Yoga Reduces Blood Compounds Known to Promote Inflammation

Regularly practicing yoga may lower compounds in the blood that promote inflammation. According to a study in the January 2010 issue of Psychosomatic Medicine, women who routinely practiced yoga had lower amounts of the cytokine interleukin-6 (IL-6) in

their blood. IL-6 is an important part of the body’s inflammatory response and has been implicated in heart disease, stroke, and arthritis. Researchers assembled 50 women, divided into yoga "novice" and "expert" groups, had them take psychological tests to gauge anxiety levels, asked them to perform tasks designed to increase stress, and then took blood samples.

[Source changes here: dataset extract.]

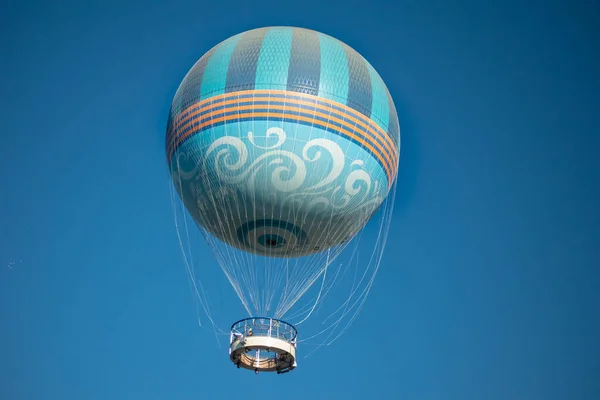 Orlando Floride Octobre 2020 Vue Dessus Ballon Air Chaud Disney — Photo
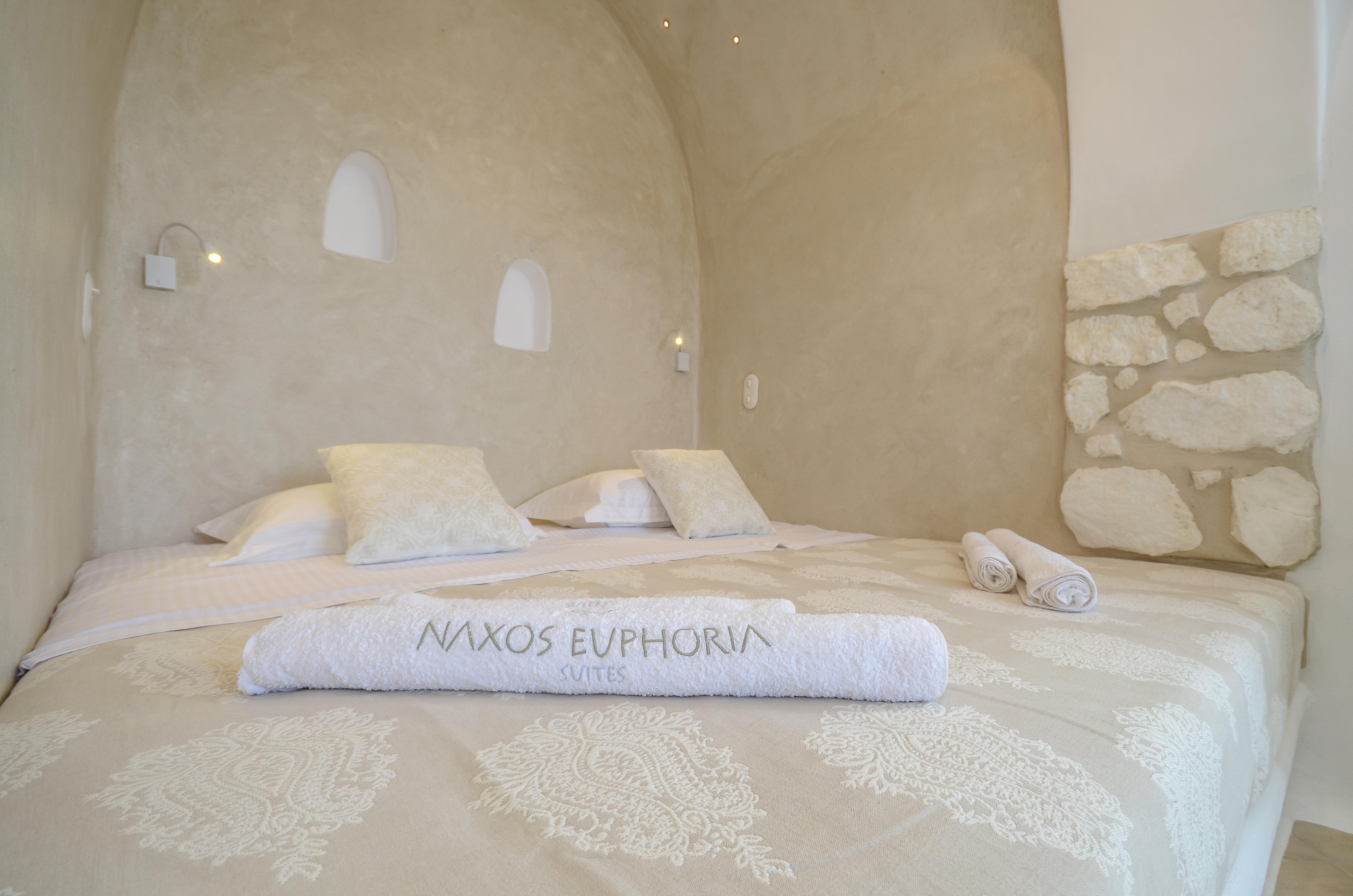 Naxos Euphoria Suites Stelida  Exterior foto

After analysis, the women labeled as "novices" had levels of the pro-inflammatory IL-6 that were 41 percent higher than those in the "expert" group. The study concluded that yoga appeared to be a simple and enjoyable way to add an intervention that might reduce risks for developing heart disease, arthritis, and other age-related diseases. Researchers also considered it an antidote for the inflexibility that comes with aging, concluding that "the stretching and exercise that comes with yoga increases a person’s flexibility—and that, in turn, allows relaxation that can lower stress."